At a school orientation program for my son’s admission, the Principal asked the parents how many other schools they were applying to. Interestingly, only 25-30% of the parents mentioned they had applied to more than one school. Seventy percent had only applied to only this one school (a popular one of course!). The Principal was rather puzzled at the lack of options in the parents’ decision-making approach. This situation is not unique. Researchers at Ohio State University interviewed a slate of CEO/COOs and analyzed 168 decisions they had made; they came to the stunning conclusion that more than one alternative had been considered in just 29% of those situations. Even the best business leaders can fall prey to narrow framing!

Creating distance: Perspective is everything. Sometimes the best thing to do before making a decision is to sleep on it. I wish I had followed that advice before buying a timeshare vacation package when I was 23, swiping my wife’s brand-new credit card to its $1500 limit amidst a bunch of folks who clapped in celebration. Had I walked out of the room and slept on it for a night I would have avoided what turned out to be the costliest weekend Kerala trip of my life – and the only one I ever took using that time share. That bit of distance allows us to move our emotions to the back seat and let logic take over the wheel.

Suzy Welch, the American business writer and journalist in her book titled “10/10/10” provides a simple but powerful framework to help make better decisions. She suggests we ask how we will feel about a decision 10 minutes from now, 10 months from now and 10 years from now. This framework provides us an elegant way to get distance on the decisions we make.

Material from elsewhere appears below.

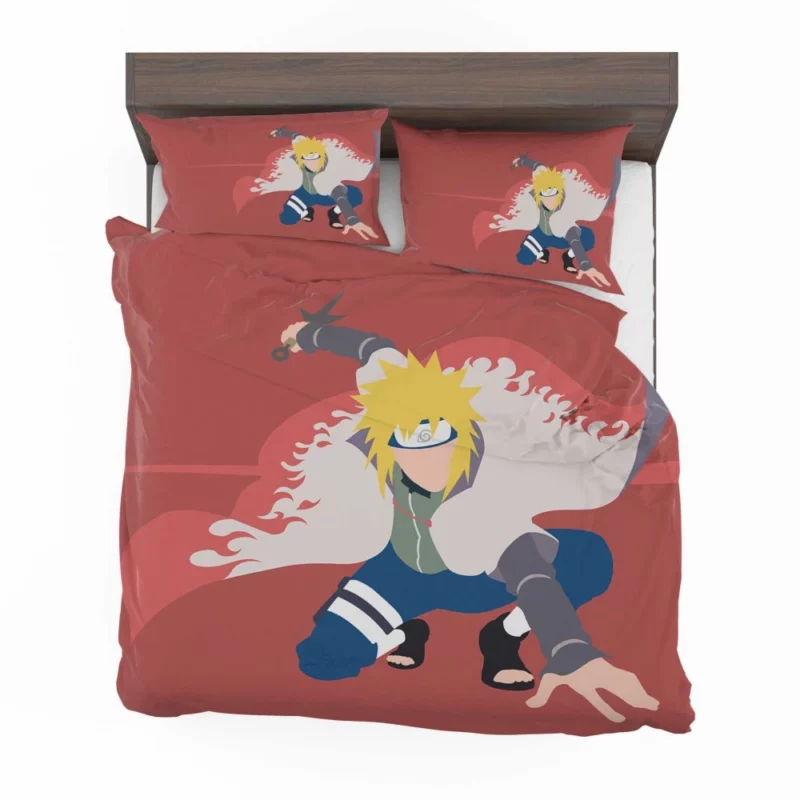 Minato Namikaze A Hero Remembered Anime Bedding Set 1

Avoiding cognitive bias: Our brain is designed to be efficient and uses past experience and rules-of-thumb to make sub-conscious decisions with speed. The downside of speed is sometimes accuracy, as we fall prey to cognitive biases. For example, association bias refers to us thinking more favorably of those people who are more like us – e.g. providing a preferential business deal to someone from your community. Confirmation bias makes us interpret new data to confirm our existing hypothesis and reject those that don’t fit our prior conclusions. Sunk-cost fallacy is another interesting bias that prevents us from moving on from bad decisions. The list of cognitive biases is too long to cover here, but a great read on this topic is “Thinking Fast, Thinking Slow” by Nobel Laureate Daniel Kahneman. The most interesting thing about cognitive biases is that knowing about the bias doesn’t cancel out the bias – a proper process must be put in place to avoid it.

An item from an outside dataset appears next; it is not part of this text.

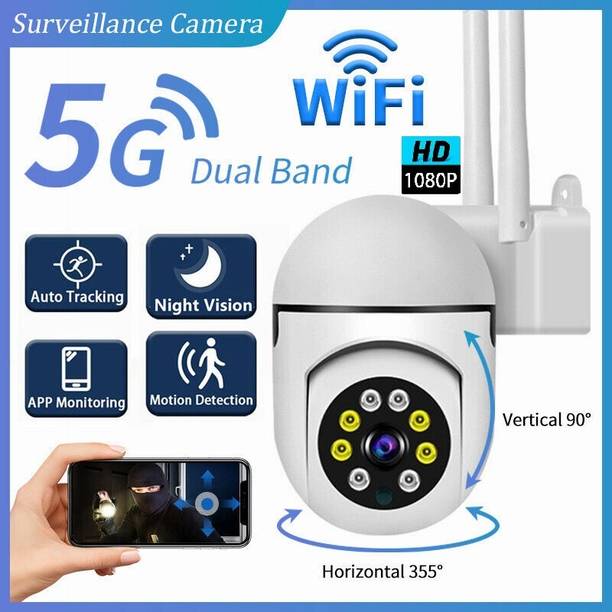 OSHSIZ Wireless Wifi SmartHome Pan/Tilt 2way Audio Colo...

Use sounding boards: Mentors or experts often help us widen our options, pressure test our assumptions and avoid mistakes. This could be a senior at work, your spouse or a friend who has some understanding of your life or business context. Industry experts are particularly helpful in providing base rates – how commonly something occurs, and they are often good for testing assumptions. Their questions could help us sharpen our decision!

Looking forward

We continually make decisions, as both entrepreneurs and individuals, and over time we become products of the choices we make. By framing the problem correctly, keeping short-term emotions in check, working hard to cancel our biases and selectively leveraging experts, we all have the ability to improve the quality of our decisions and navigate our lives with more clarity.

Coming back to Jai D’costa’s call: I pointed out that the vendor advance was narrowly framed as a ‘whether or not’ decision. By stepping back and framing the question as what the best use of an incremental $1 million was, it became clear to us that we should deploy it into our business for growth. Before I could celebrate my value-add, Jai came back with a more powerful construct where he found an alternate source to provide an off-balance sheet advance to the vendor AND was able to invest the million dollars in the business – a great example of widening the options and using the power of AND!